代码分析Wifif enableNetwork流程:
frameworks/base/wifi/java/android/net/wifi/WifiManager.java
* @return {@code true} if the operation succeeded
*/
public boolean enableNetwork(int netId, boolean disableOthers) {
final boolean pin = disableOthers && mTargetSdkVersion < Build.VERSION_CODES.LOLLIPOP;
if (pin) {
registerPinningNetworkCallback();
}
boolean success;
try {
success = mService.enableNetwork(netId, disableOthers);
} catch (RemoteException e) {
success = false;
}
if (pin && !success) {
unregisterPinningNetworkCallback();
}
return success;
}
APP 调用WifiManager.enableNetwork,通过AIDL与服务端进行跨进程通信。

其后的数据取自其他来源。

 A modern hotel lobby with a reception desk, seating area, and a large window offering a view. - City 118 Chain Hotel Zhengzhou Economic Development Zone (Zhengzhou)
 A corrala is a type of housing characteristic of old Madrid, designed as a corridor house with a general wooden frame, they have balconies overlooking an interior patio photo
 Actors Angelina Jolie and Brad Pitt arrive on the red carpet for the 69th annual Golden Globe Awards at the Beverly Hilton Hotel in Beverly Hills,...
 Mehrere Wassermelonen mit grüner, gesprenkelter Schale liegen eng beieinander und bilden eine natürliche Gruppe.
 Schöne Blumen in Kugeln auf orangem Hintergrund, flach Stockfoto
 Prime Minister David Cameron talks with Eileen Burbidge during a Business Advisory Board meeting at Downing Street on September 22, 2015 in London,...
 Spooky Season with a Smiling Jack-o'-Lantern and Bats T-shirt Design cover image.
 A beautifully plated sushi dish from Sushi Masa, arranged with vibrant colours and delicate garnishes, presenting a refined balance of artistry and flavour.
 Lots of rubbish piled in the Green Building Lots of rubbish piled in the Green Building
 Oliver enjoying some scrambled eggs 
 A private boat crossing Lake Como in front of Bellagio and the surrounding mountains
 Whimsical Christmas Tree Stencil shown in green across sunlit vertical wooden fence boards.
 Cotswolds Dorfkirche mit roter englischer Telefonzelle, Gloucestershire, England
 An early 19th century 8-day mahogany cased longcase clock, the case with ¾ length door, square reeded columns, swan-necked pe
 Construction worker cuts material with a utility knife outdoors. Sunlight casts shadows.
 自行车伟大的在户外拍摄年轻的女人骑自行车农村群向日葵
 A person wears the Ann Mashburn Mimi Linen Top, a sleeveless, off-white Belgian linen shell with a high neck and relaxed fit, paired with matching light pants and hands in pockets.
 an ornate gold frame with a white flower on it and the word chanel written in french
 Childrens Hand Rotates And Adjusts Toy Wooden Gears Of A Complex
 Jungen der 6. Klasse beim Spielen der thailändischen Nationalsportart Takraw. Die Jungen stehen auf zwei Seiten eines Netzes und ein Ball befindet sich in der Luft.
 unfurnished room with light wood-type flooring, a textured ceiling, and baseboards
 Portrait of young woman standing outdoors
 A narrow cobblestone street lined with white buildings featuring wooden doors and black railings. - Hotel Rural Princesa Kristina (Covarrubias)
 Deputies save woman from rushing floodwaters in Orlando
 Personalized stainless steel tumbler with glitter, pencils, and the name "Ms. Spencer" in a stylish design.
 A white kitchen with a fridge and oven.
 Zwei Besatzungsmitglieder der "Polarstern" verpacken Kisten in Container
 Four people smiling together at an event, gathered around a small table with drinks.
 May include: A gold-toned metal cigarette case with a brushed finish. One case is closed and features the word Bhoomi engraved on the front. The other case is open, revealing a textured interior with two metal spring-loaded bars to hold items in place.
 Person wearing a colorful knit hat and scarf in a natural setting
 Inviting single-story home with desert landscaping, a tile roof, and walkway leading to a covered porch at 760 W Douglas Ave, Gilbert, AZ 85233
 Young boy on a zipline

frameworks/base/wifi/java/android/net/wifi/IWifiManager.aidl
interface IWifiManager
{
int getSupportedFeatures();
WifiActivityEnergyInfo reportActivityInfo();
List<WifiConfiguration> getConfiguredNetworks();
List<WifiConfiguration> getPrivilegedConfiguredNetworks();
WifiConfiguration getMatchingWifiConfig(in ScanResult scanResult);
int addOrUpdateNetwork(in WifiConfiguration config);
boolean removeNetwork(int netId);
boolean enableNetwork(int netId, boolean disableOthers);
服务端:
frameworks/opt/net/wifi/service/java/com/android/server/wifi/WifiServiceImpl.java
/**
* See {@link android.net.wifi.WifiManager#enableNetwork(int, boolean)}
* @param netId the integer that identifies the network configuration
* to the supplicant
* @param disableOthers if true, disable all other networks.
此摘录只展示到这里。